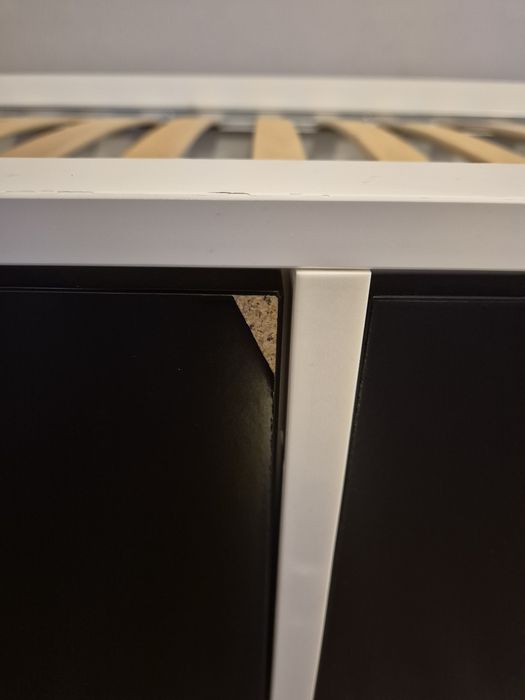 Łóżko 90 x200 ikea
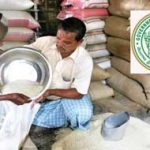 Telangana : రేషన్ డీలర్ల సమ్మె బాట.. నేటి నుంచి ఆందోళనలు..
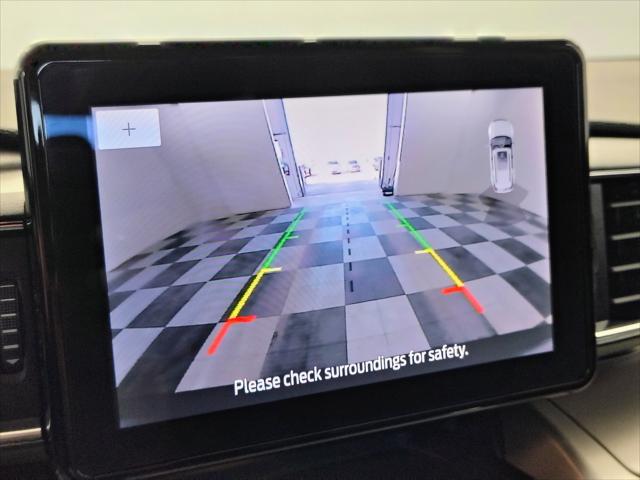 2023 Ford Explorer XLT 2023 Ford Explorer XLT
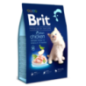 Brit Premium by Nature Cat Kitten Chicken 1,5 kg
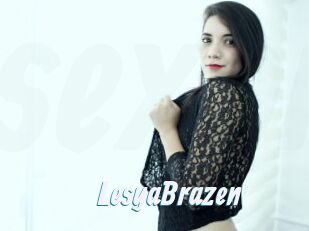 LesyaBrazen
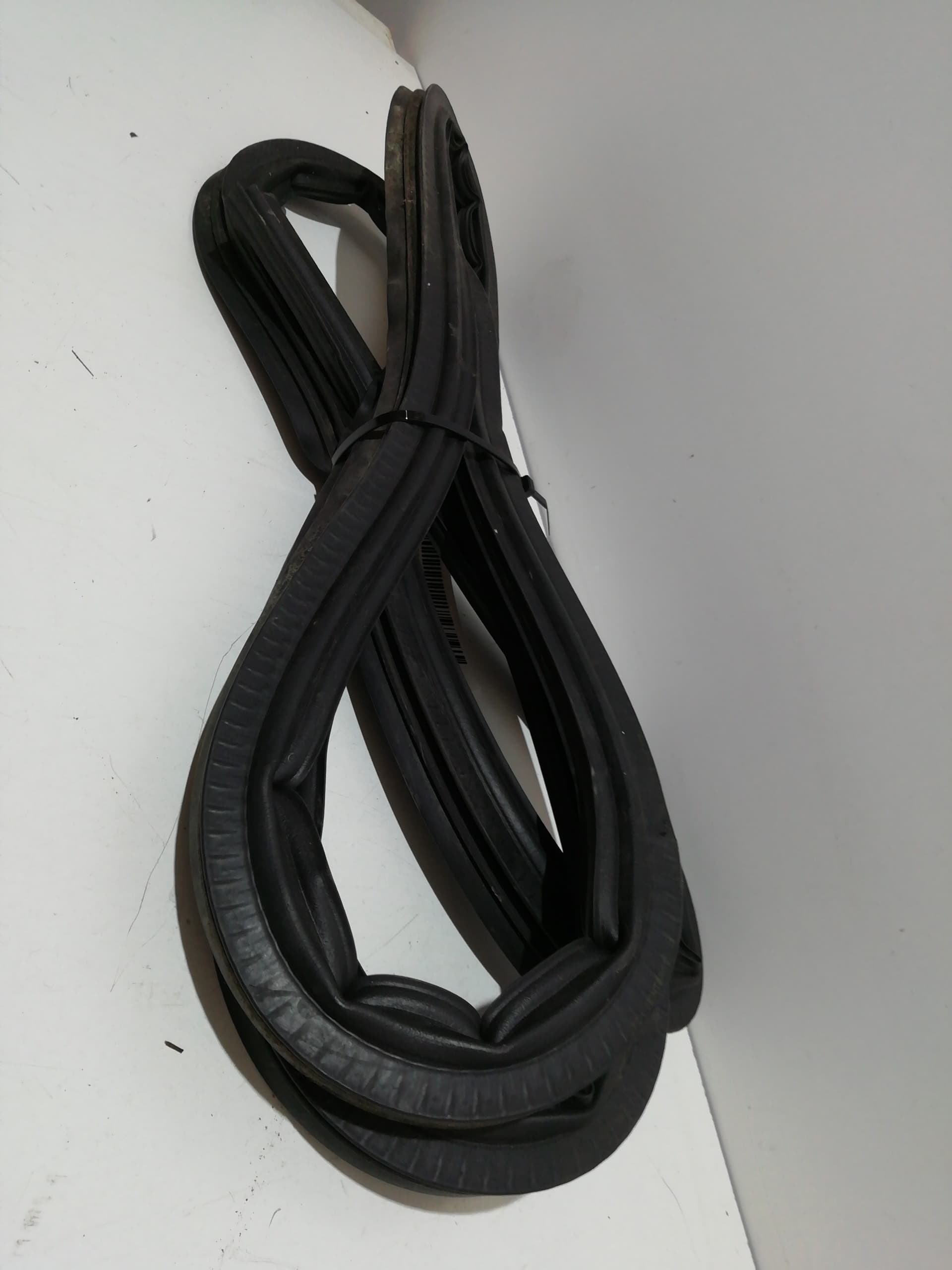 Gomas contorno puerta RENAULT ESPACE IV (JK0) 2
○ ○ ○ ○ ○
**Task description**:
Reproduce the full listing faithfully, but do not carry over any pictures.

**Result of the exercise**:
 Łóżko 90 x200 ikea
 Telangana : రేషన్ డీలర్ల సమ్మె బాట.. నేటి నుంచి ఆందోళనలు..
 2023 Ford Explorer XLT 2023 Ford Explorer XLT
 Brit Premium by Nature Cat Kitten Chicken 1,5 kg
 LesyaBrazen
 Gomas contorno puerta RENAULT ESPACE IV (JK0) 2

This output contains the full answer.